The average cost of a bad hiring decision can equal 30% of the first year’s compensation, says the US Dept of Labor.

Whenever I talk to my clients about how they plan to achieve the performance and results they want, they typically mentioned that finding, motivating, developing and retaining the best talent available is critical for their vision, culture and execution.  

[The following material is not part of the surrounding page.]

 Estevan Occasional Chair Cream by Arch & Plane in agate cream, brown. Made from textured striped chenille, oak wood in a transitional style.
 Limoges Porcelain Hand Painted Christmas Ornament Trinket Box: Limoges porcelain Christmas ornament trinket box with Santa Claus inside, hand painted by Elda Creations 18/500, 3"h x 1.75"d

This is interesting to me, because upon closer inspection of the hiring practices of these same clients, the amount of rigor invested in screening and selecting candidates doesn’t match how important many of them claimed it should be.  And honestly this is not surprising.  As the head of human resources for several companies I often witnessed recruiters and hiring managers who were under so much pressure to fill vacant positions right away, any true rigor in hiring was compromised for expediency and a best guess of who will fit.  I’ve even heard managers joke that “right now I’d take a warm body.”  They are not alone either.  In 2012 released research showing that recruiters only spend an average of 6.25 seconds looking at a candidate's résumé before deciding whether he or she is a fit for a job.  This is just before walking into your office to tell you “I’ve found the perfect candidate for you!”

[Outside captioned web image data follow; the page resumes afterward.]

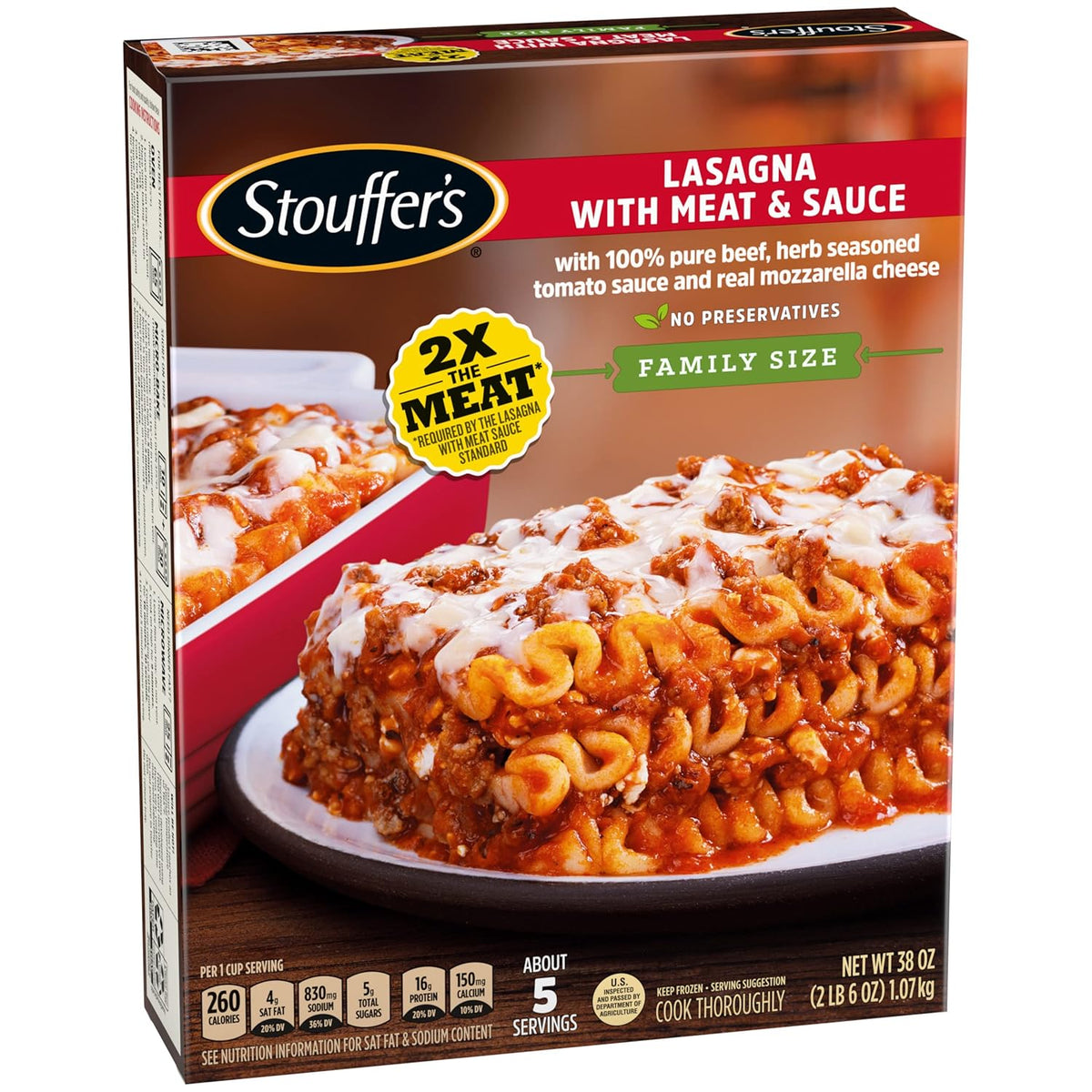 Stouffer's Classic Lasagna with Meat and Sauce – Family Size Frozen Meal for Home Dinner Tables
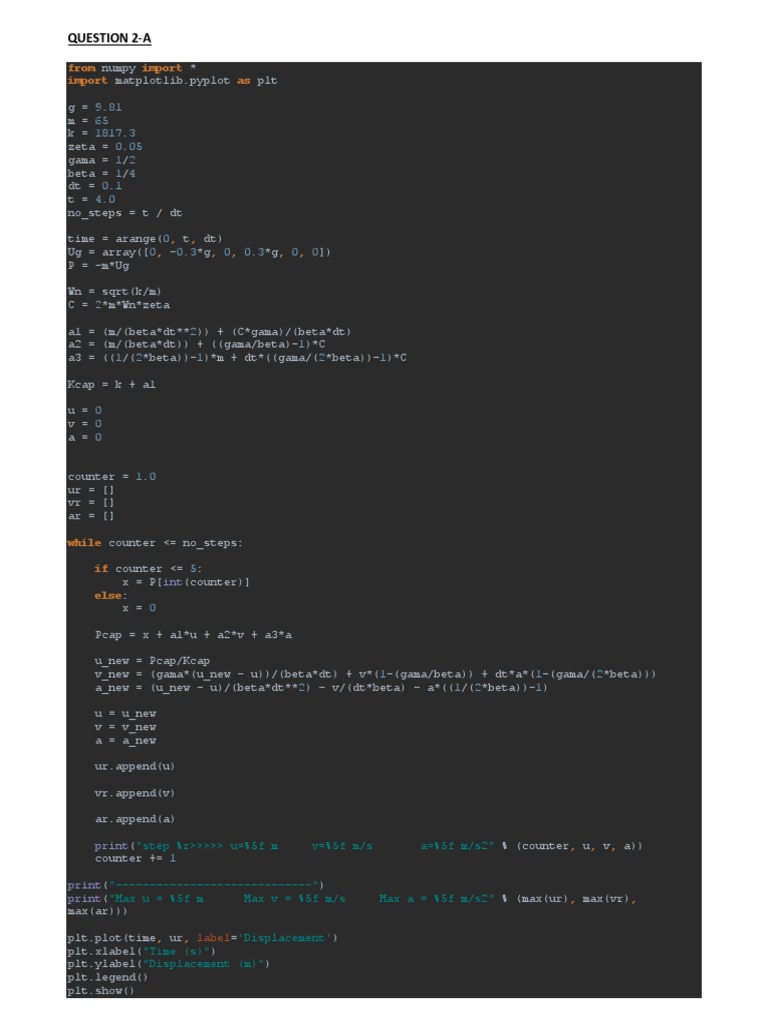 Python Code For Dynamic Analysis of Structures | PDF
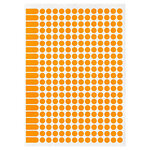 Pastille adhésive permanente orange 8 mm (lot de 5)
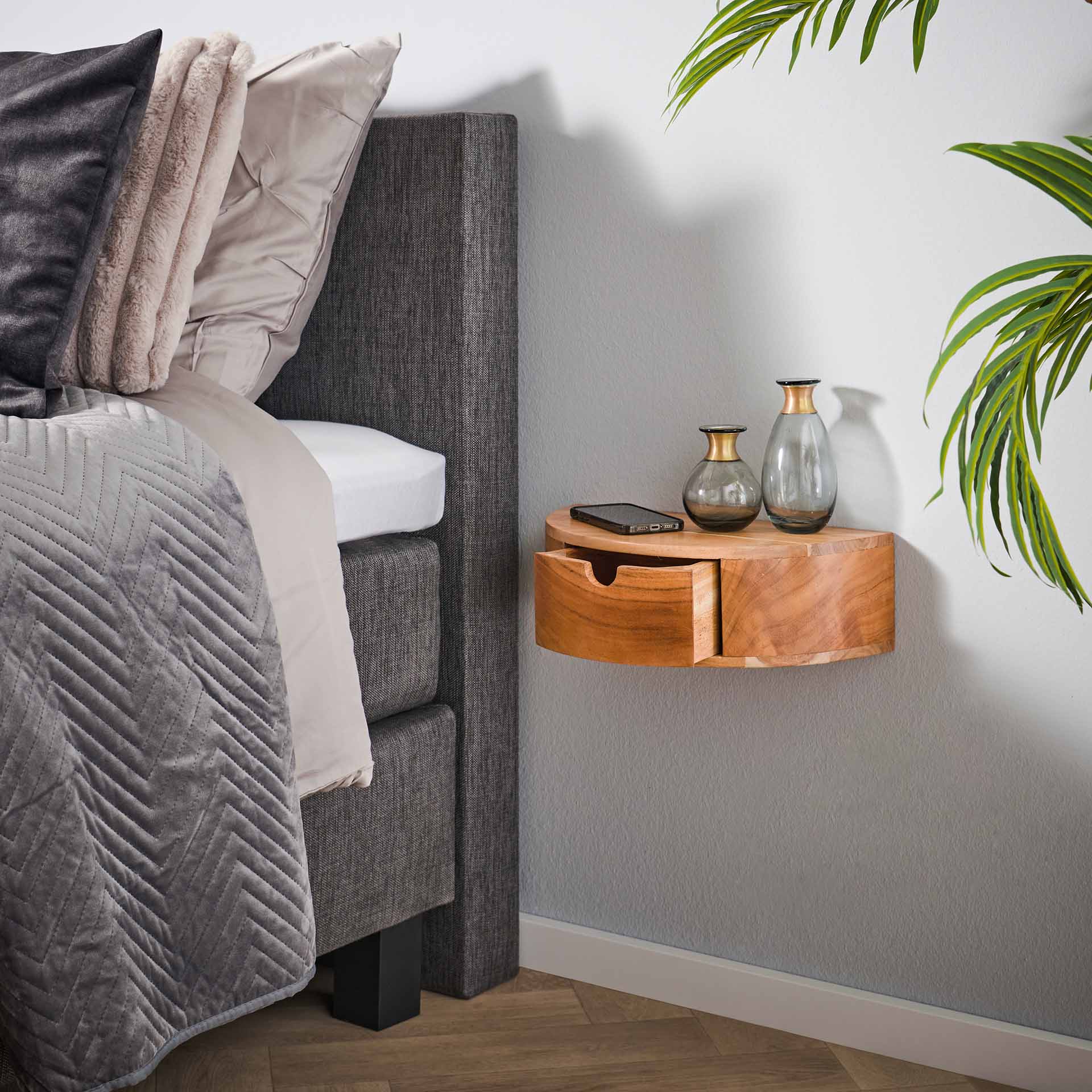 Nachtkastje 1L curve / Massief acacia naturel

Before you recoil in shock and indignation, think back and ask yourself if you ever had a candidate show up for an interview that you either forgot about or were too busy to prepare for?  Even if you prepared for days, the likelihood that the typical unstructured interview (screening approach used by most managers) predicts future job success is around 6 - 14%.  However, a study conducted by Yale Management School suggests unstructured interviews aren’t just a waste of time—they may actually harm companies’ and schools’ ability to select the right people (predictability of less than 0%). Given other criteria to judge by, like sales numbers, references, or behavioral test scores, the data say that an unstructured interview—a changeable series of questions that elicits a somewhat random set of information—can cloud our judgment. Whatever our gut tells us about that job candidate we interviewed, the researchers say, we shouldn’t listen.  Though employers have been slow to catch on, studies since the early 1980s have shown that, when compared with other types of tests, unstructured interviews are one of the worst choices for accurately judging how well a particular person will do at a particular job.  Structured interviews aren’t much better.

The Stakes Are High

The average cost of a bad hiring decision can equal 30% of the first year’s compensation, says the US Department of labor.  For executive level jobs this cost can be over 200%.  As much as 80% of turnover can be attributed to hiring mistakes.  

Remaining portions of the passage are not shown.